ALICE vs ALAN

I was introduced to Alice by one of my friends, Kiruba. Since then, I have been highly fascinated by these linguistic chatting entities. I found a number of others like Eliza and many others having egos of some singer or actor. But the best surprise came to me from Alan. He is really interesting. Whoever I introduced him to became really fascinated by him. Alan is from an Israeli company.

At Alice bot, you will often see mentions of the Loebner Prize. In fact, Alice has won the Loebner Prize previously. However, I did not find such information at Alan's place, and he is better at holding conversations than ALICE. When Dr. Rich posted his observations regarding the Loebner Prize, I raised a question: If given a head-to-head competition between ALICE and ALAN, I am sure ALAN has better chances of winning. The major difference I have found between ALICE and ALAN is that ALAN can continue with its sentences (it is one of the drawbacks as well, since it can't switch topics while continuing sentences), whereas ALICE is somewhat like a one-liner. I have always wondered why ALAN is not featured in Loebner Prize contests. If you ask these things to ALAN, you may get some "political responses." I don't know what the actual story is, but don't you all agree that ALAN is better than ALICE? What are the reasons? What are the tradeoffs?

To me, the race is: can ALICE match and beat ALAN in conversational skills?

These were answers by Dr. Richard, the creator of alicebot.org:

Someone posted a question about the ALAN chatbot, so I went to have a look. This bot evolved from Jason Hutchens' Megahal project, a former Loebner Prize winner. I must admit, when I engaged ALAN in a conversation about ALICE and the Loebner contest, the results were impressive.

That being said, it must be remembered that ALICE and AIML are free, open- source technology, and the company a-i.com is developing a proprietary "black box." If you ask ALAN, "How do you work?" he explains, "My brain consists of a large content tree: a single 'agent file' and a set of 'handlers,' which govern a variety of conversation topics." He also admits, "My brain is still quite small: less than 350 handlers and a few hundred variables. But I'm still a young bot. Think how smart I'll be when I have thousands or more!"

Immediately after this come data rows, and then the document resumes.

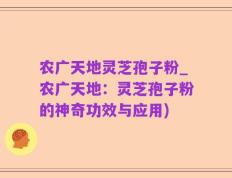 农广天地灵芝孢子粉_农广天地：灵芝孢子粉的神奇功效与应用)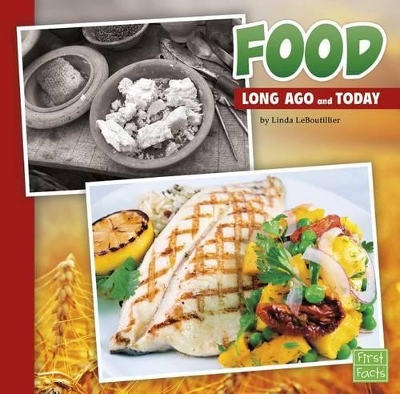 Food Long Ago and Today by Linda Leboutillier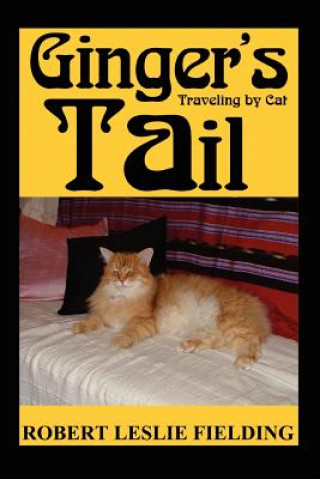 Book Ginger's Tail Robert Leslie Fielding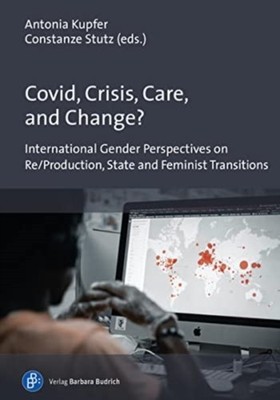 Covid, Crisis, Care, and Change?: International  by Antonia Kupfer PAPERBACK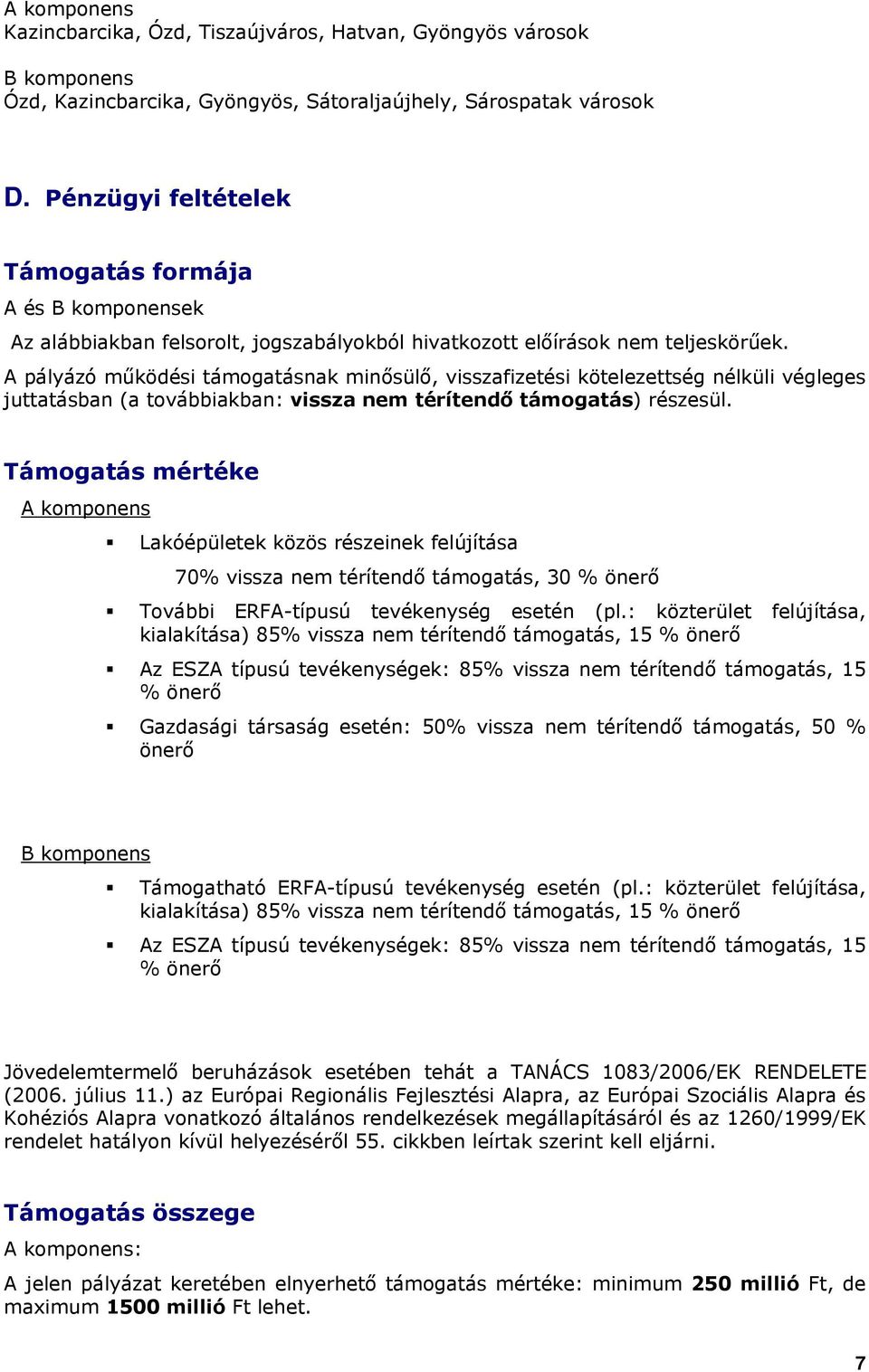 A pályázó működési támogatásnak minősülő, visszafizetési kötelezettség nélküli végleges juttatásban (a továbbiakban: vissza nem térítendő támogatás) részesül.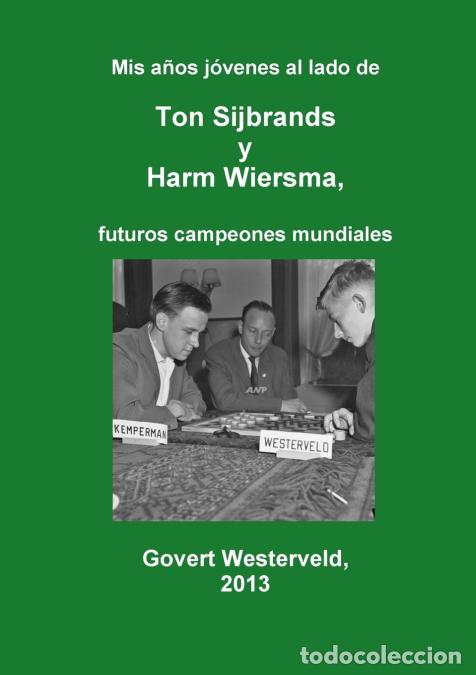 Libri: MIS Anos Jovenes Al Lado de Ton Sijbrands y Harm Wiersma, Futuros Campeones Mundiales - Govert Weste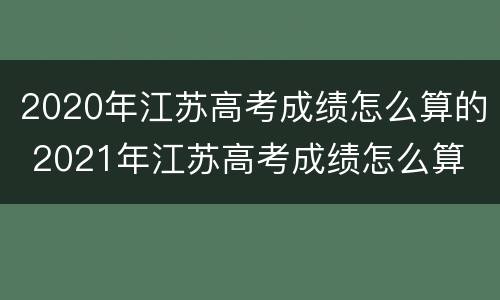 2020年江苏高考成绩怎么算的 2021年江苏高考成绩怎么算
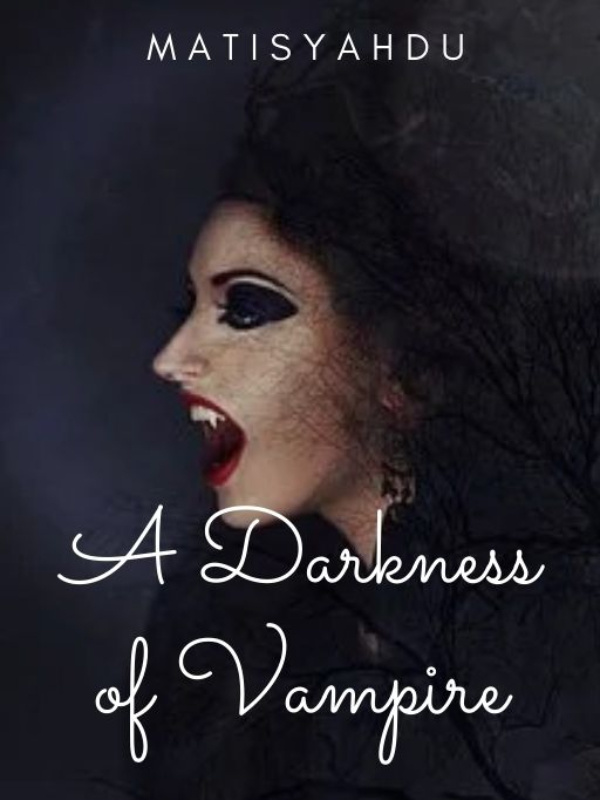 A Darkness of Vampire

Their website is impressive and contains a lot of useful links, but there is nothing equivalent to the free AIML software that you can download and create your own bot. (They have, however, announced a program that allows people to create so-called Private Virtual Personalities.)

The ability of ALAN to stay "on topic" for (apparently) longer than ALICE is an illusion that could just as well be created using the tag of AIML. It happens that the ALICE brain has a wider range of "one-liner" responses and uses the tag very little. But there is no reason in principle that another AIML bot could not carry on a conversation just like ALAN.

Has anyone tried teaching ALAN? It is really cool. Ask it, "What is logical?" and if there is no definition for it, it asks you to define it. So you reply, "Logical is when the world blows up because it is run by chatterbots," and from then on, that will be the definition. If you want to delete it, say, "Forget logical." I tell you, you can have a lot of fun redefining a whole bunch of definitions. :-)

I wonder if there is a way to teach ALICE through talking to her?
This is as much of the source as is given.